REPRESENTATIONS AND WARRANTIES; DISCLAIMER

 

Section 6.1. Representations and Warranties.

(a) Each Party hereby represents and warrants that, as of the Effective Date and at all times thereafter (i) each Party has the legal authority to execute and perform this Agreement, (ii) this Agreement constitutes a valid and binding obligation enforceable against such Party according to its terms, and (iii) the execution and delivery of this Agreement does not, and the performance by each Party of its respective obligations hereunder shall not, with or without the giving of notice or the passage of time, or both (x) violate any judgment, writ, injunction, or order of any court, arbitrator, or governmental agency applicable to such Party, (y) conflict with, result in the breach of any provisions of or the termination of, or constitute a default under, any agreement (including, without limitation, any confidentiality, non-solicitation, non-competition or similar agreement) to which the representing Party is a party or by which it may otherwise be bound, or (z) violate or conflict with any of the representing Party’s governance documents.

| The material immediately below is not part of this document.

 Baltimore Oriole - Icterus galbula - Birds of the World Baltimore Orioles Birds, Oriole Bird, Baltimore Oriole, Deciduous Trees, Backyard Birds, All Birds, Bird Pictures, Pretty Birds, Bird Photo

(b) Client hereby represents and warrants to the Advisor that, as of the Effective Date and at all times thereafter, (i) the execution and delivery of this Agreement, and the performance of Client’s obligations hereunder shall have been approved in all respects by a duly authorized representative of Client, including, if applicable, any person who has been charged with reviewing and approving transactions between or among Client and its affiliates and (ii) from and after the date hereof, Client maintain its business in accordance with its customary practices and otherwise to conduct its business in the ordinary course in the manner in which it has heretofore been conducted and to preserve its business relationships with customers, suppliers and content providers.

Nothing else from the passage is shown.